REPUBLIKA.CO.ID, JAKARTA— Ajaran Islam melarang memutus silaturahim. Terlebih dengan orang yang masih memiliki hubungan keluarga.
Namun apakah lama tidak berkunjung dengan saudara karena alasan tertentu seperti karena bekerja di luar kota bisa disebut memutus tali silaturahim? Lalu bagaimana agar tidak tergolong orang-orang yang memutus tali silaturahim?
Pengasuh Majelis Ahbaabul Musthofa, Habib Hasan bin Ismail Al Muhdor, mengatakan orang menyambung tali silaturahim sangat besar kedudukannya di sisi Allah SWT.
Orang-orang yang menyambung tali silaturahim akan mendapatkan keberkahan dari silaturahim yang dilakukannya. Di antara keutamaan bersilaturahim adalah memperpanjang umur dan membuka pintu rezeki.
Sebaliknya, Habib Hasan menjelaskan orang yang memutus tali silaturahim (qathi'urrahim) akan mendapatkan dosa yang besar.
Habib Hasan menjelaskan Imam Ali Zainal Abidin dalam nasihat kepada putranya mengatakan bahwa orang-orang yang memutus tali silaturahim dilaknat Allah SWT.

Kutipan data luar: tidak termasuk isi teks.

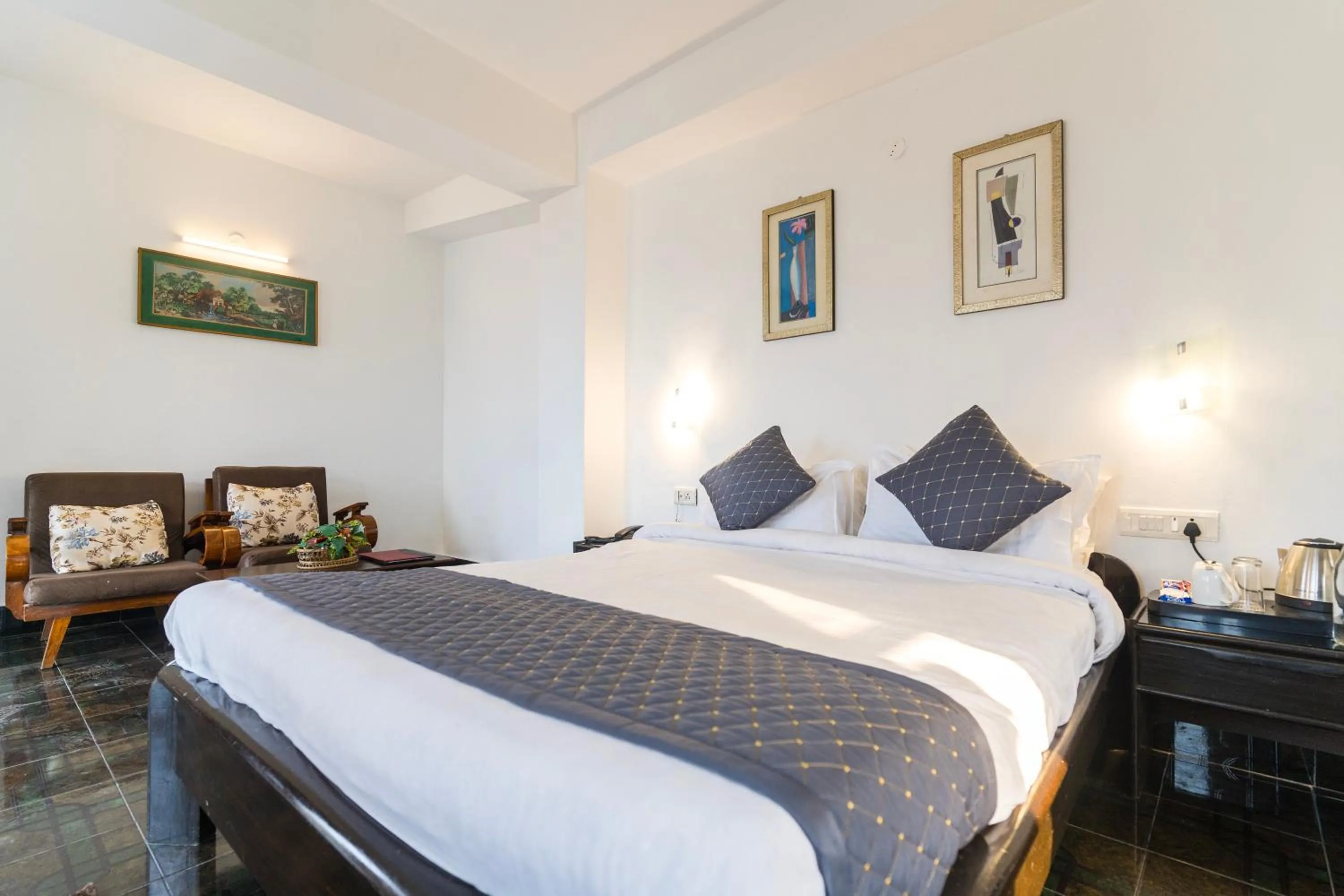 Bed in Sharolyn Boutique Hotel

Lalu seperti apa orang yang memutus tali silaturahim? Menurut Habib Hasan seseorang telah memutuskan silaturahim ketika mengucapkan bahwa dirinya memutus tali silaturahim dengan saudaranya.
Selain melalui ucapan, seseorang bisa dikategorikan memutus tali silaturahim melalui sikap dan perbuatannya semisal tidak mau lagi datang bertemu atau pun tidak mau lagi berkomunikasi meskipun melalui telepon.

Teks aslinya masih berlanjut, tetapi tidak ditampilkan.